I do not quite understand this. Is this an answer to our help posts? Did our posts help? Do you still have questionss about ANSI escape sequences and how aand when they work?

I’m skilled at many programming languages, but new with bash. I’m mixing styles because i’m using book and internet examples directly. I’v managed to get delete line working somewhat with this.

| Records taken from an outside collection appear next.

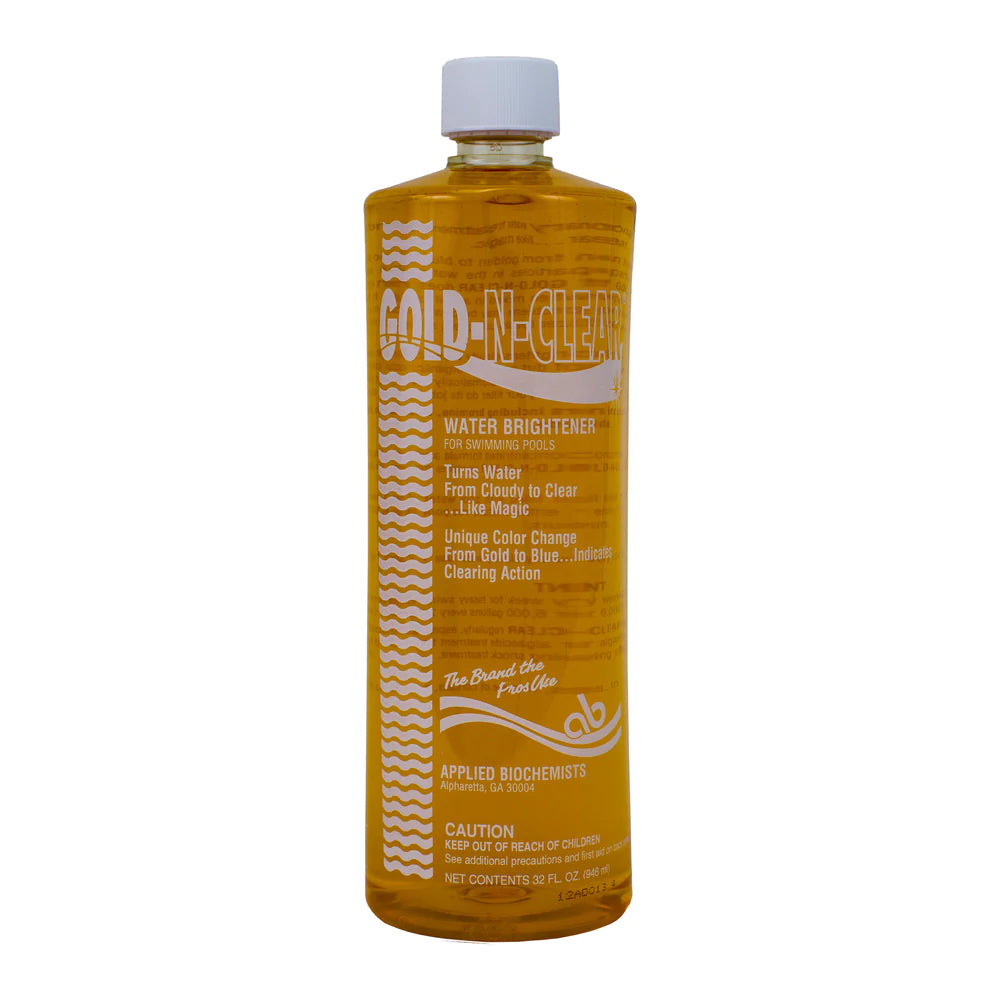 Applied Biochemists Gold-N-Clear 32oz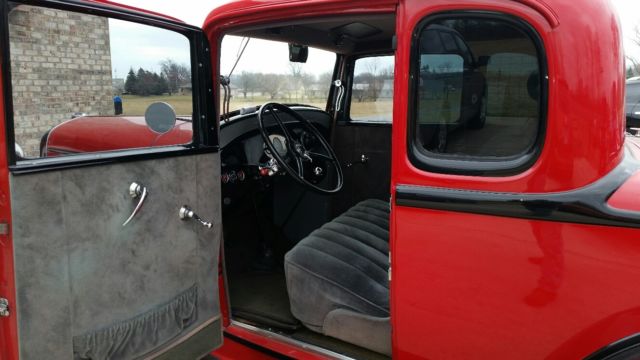 1932 Ford Model B 5 Window Coupe - photo 12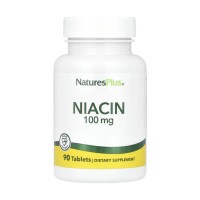 Niacin 100mg - 90 tabs Niacin 100mg - 90 tabs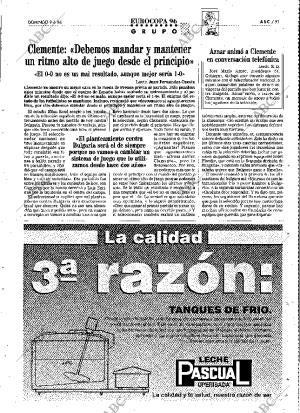 ABC MADRID 09-06-1996 página 91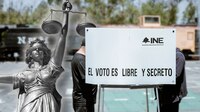 ¿Cómo puedes ubicar tu casilla para votar en las elecciones del Poder Judicial?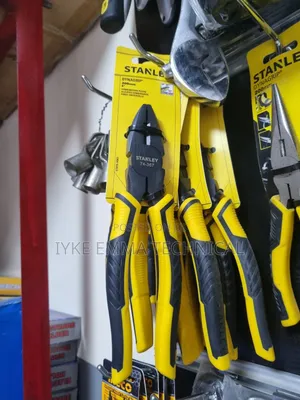 Stanley Combination Plier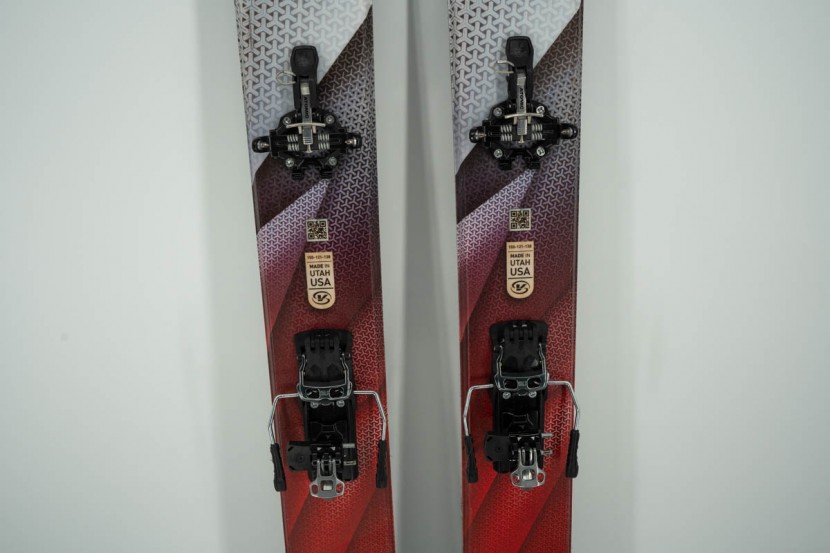 atomic backland tour - atomic backland tour is a full-function, lightweight binding that we...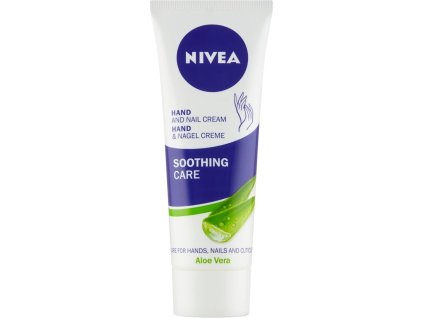 9005800291871 nivea krem na ruce soothing care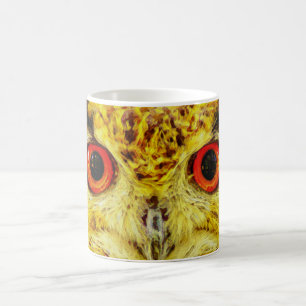 Caneca De Café Coruja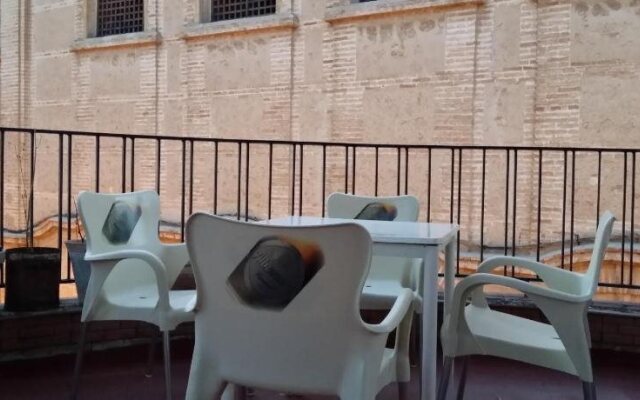 Hotel Mesón El Número Uno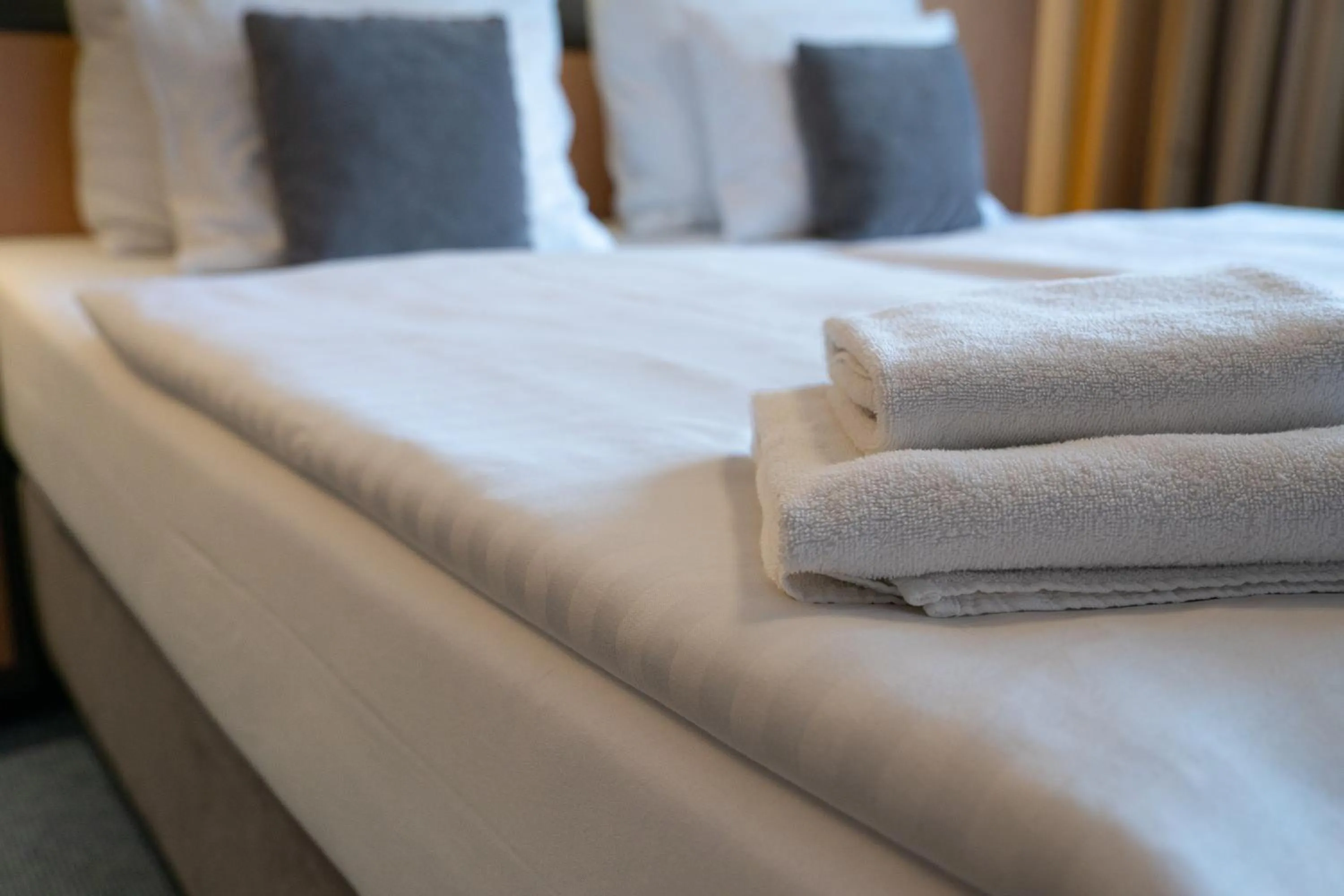 Bed in Aqua Park Špindlerův Mlýn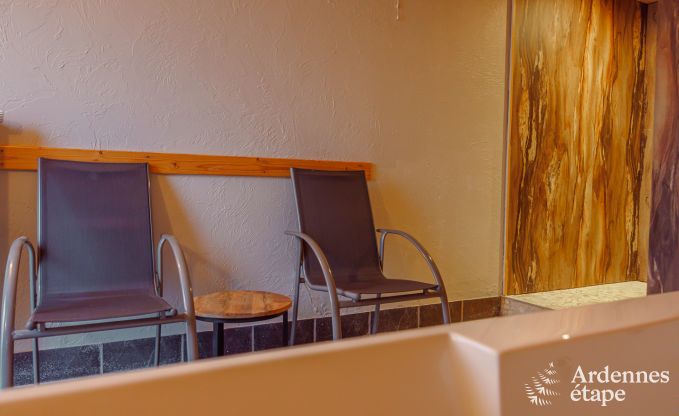 Luxury villa in Malmedy for 12 persons in the Ardennes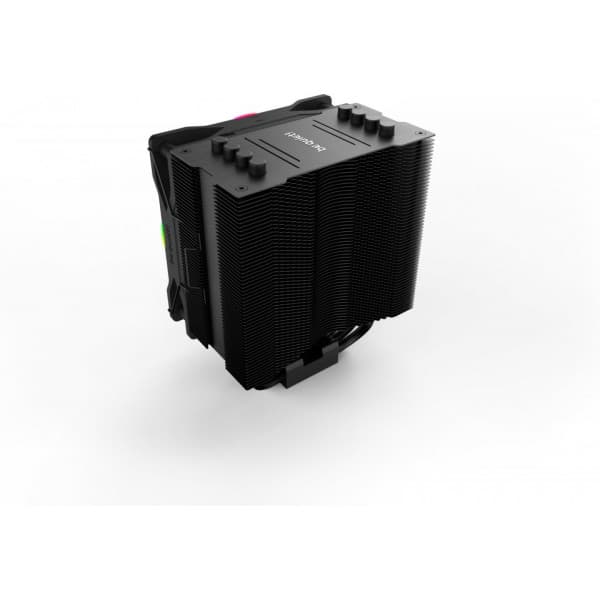 be quiet! Pure Rock 2 FX -processor køler, sort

echo -n '\r                                                                                                                                                                                       \r'

Some lines of code I can’t understand. So, it’s a guess. FYI, I’m on public computers and my long message got erased when it forced a log off. I will read comments in a few days. Thanks.

echo -en "\E[2K\r"

Thanks, that worked also. There are many lines in my script code I don’t understand. I have it working.

You only show a statement, but you do not explain what you get. nor what you expected to get. We are not mindreaders! Simply saying “I can’t get the esc sequence to work.” tells us almost nothing.

Sometimes i’m on public computers with limited time and I miss ideas.

Try to understand. You have a piece of hardware (a character termminal at the end of an asynchronous line) that is wired to understand and act upon certain character combinations (“Escape sequences”) that are send to it over the line from the computer. You send those sequences and the terminal does what it should do. Only be sure that the terminal is capable to understand these VT100/ANSI codes (and Konsole and most other terminal emulators can do that).

Now these days the terminal has changed to a terminal emulator (e.g. Konsole) and the asynchronous line has shrunken to nothing, but it works still the same:

[ul]
[li]when you send the character A, the terminal will show the shape of an A where the cursor is and step the cursor one step forward; [/li]> [li]when you send the characters Esc[2K the terminal will put the cursor back to the begin of the line the cursor is on and clear everything on that line; [/li]> [li]and so on [/li]> [/ul]

All very basic, existing for over 30 years.

Thanks to all. I’m learning as I write code with two linux books and web resources. The ANSI code working. Now, I have syntax problems for another topic.